Jodi Scheffler, Diana Keselman, Amy Rommel, Agnes Stawska and Kent Chapman


ABSTRACT

While fiber is the most valuable product derived from cotton, seed oil is also a valuable raw material. Cotton ranks third as an oilseed crop behind soybean and canola with approximately 5.8 metric tons of oil per year produced in the United States. Cottonseed typically contains 28% saturated oils, mostly palmitic acid, and 72% unsaturated oils, about 15% of which is oleic acid (18:1). Cottonseed oil has unique flavor enhancing properties that make it an excellent cooking oil, however, reported health benefits attributed to oleic acid have increased demand for oils with a greater proportion of oleic acid in the oil. Efforts to develop “high” oleic cotton genotypes through selection or chemical mutagenesis have proven unsuccessful. Here oleic acid was successfully modified using genetic engineering to suppress the enzyme that converts oleic acid to linoleic acid (18:2), thereby elevating the level of oleic acid and decreasing linoleic acid.

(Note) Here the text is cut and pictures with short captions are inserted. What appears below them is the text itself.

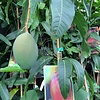 Eetbare tuin-edible garden Mangifera indica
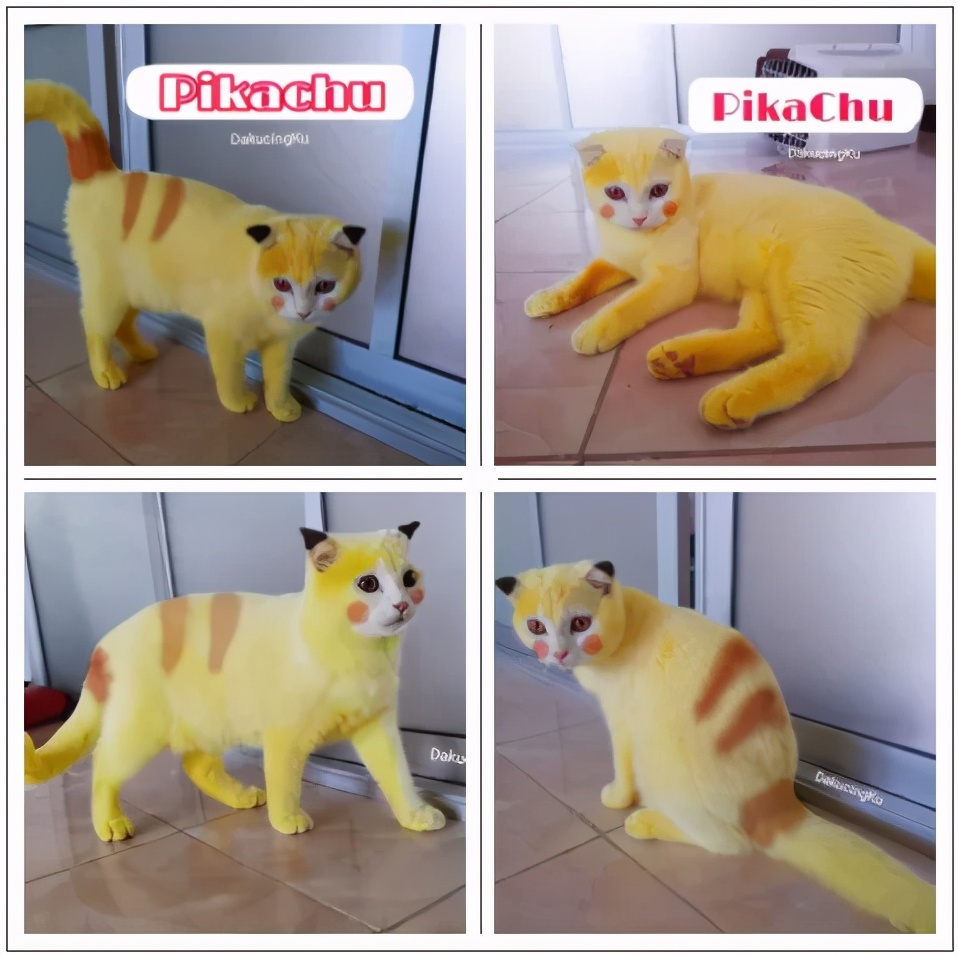 泰国姜黄治疗猫皮肤病,泰国女孩用姜黄治猫癣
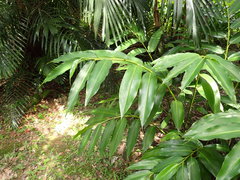 Alpinia flabellata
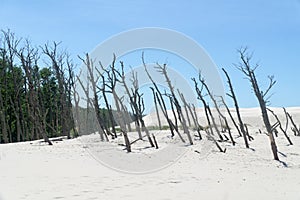 Dead forest on the Lacka Dune in Slowinski National Park, Leba, Poland. Traveling sand dunes absorbing the forest.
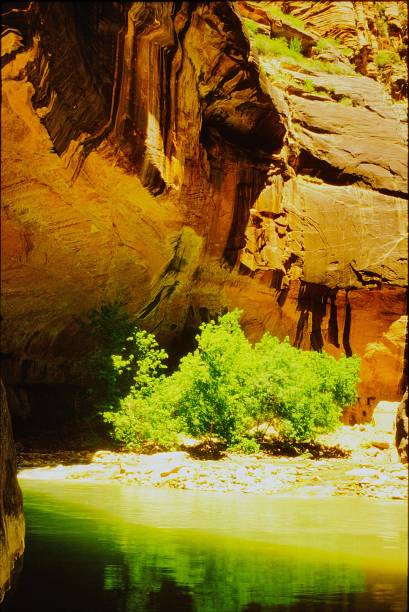 istock Zion National Park Utah June 1985 2187921745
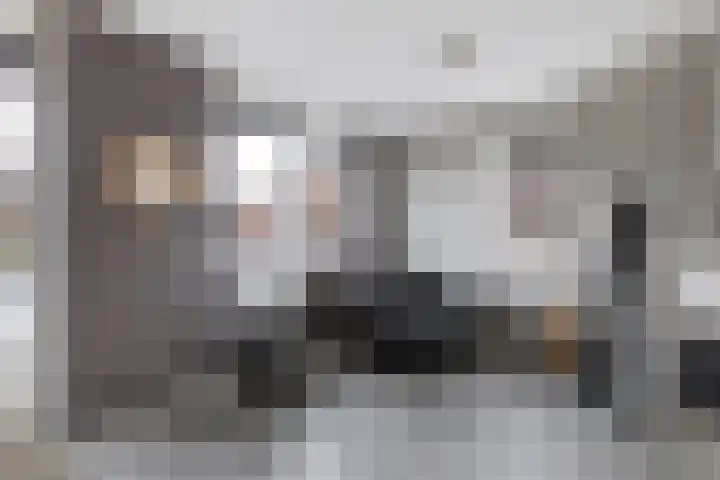 Laantje van Hynckes 22 Blaricum thumbnail 37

This was accomplished using a desaturation gene (fad2) from canola, fusing it to a seed-specific promoter and inserting it into cotton via Agrobacterium mediated transformation. The resulting transformed plants were assayed for the presence of the gene, and their morphological characteristics were evaluated. Seed from the primary transformed plants, T1 and T2 progeny were analyzed for oleic acid content. Variation among transformed lines across generations, and variation within lines was evaluated to determine if individuals could be identified that had elevated levels of oleic acid which remained stable from one generation to the next.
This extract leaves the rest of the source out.